The ranks of the arimanni were originally filled by experienced warriors, the descendants of the Lombard freemen who invaded Italy in 569. The position of the arimanni declined after the Frankish conquest of 774. By the mid-ninth century, many Franks were also arimanni, no longer just Lombards. By the tenth century, the arimanni had declined to a position barely above that of serfs.

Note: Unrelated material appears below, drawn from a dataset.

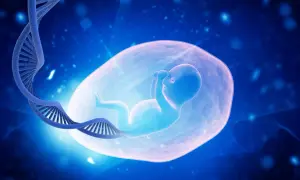 Dziecko w łonie matki, otoczone płynem, obok spirali DNA. Symbolizuje początek życia i jego genetyczne dziedzictwo. To piękny obraz ciąży.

The arimanni were typically small or medium landowners with a few tenants, or none, beneath them. They formed the basis of the Italian state as they owed it service, specifically oste et ponte et placito: army, bridge, and court services. This service was not mediated by feudal obligations. The arimanni held public offices at the local level. The Carolingians took a special interest in the obligations and rights of the arimanni as they were foundational to royal control. Lothair I tried to curb the tide of feudalisation by reasserting the public obligations of the arimanni even if landless, making these obligations due to the local count. In a conscious continuation of Carolingain policy, both Guy and Lambert in the 890s created legislation asserting the obligations, especially military, of the arimanni and outlawing the prevalent practice of granting public obligations to vassals as benefices. The concept of arimanni survived into the eleventh century, when certain Tuscan citizens pleaded that status against the claims of the House of Canossa.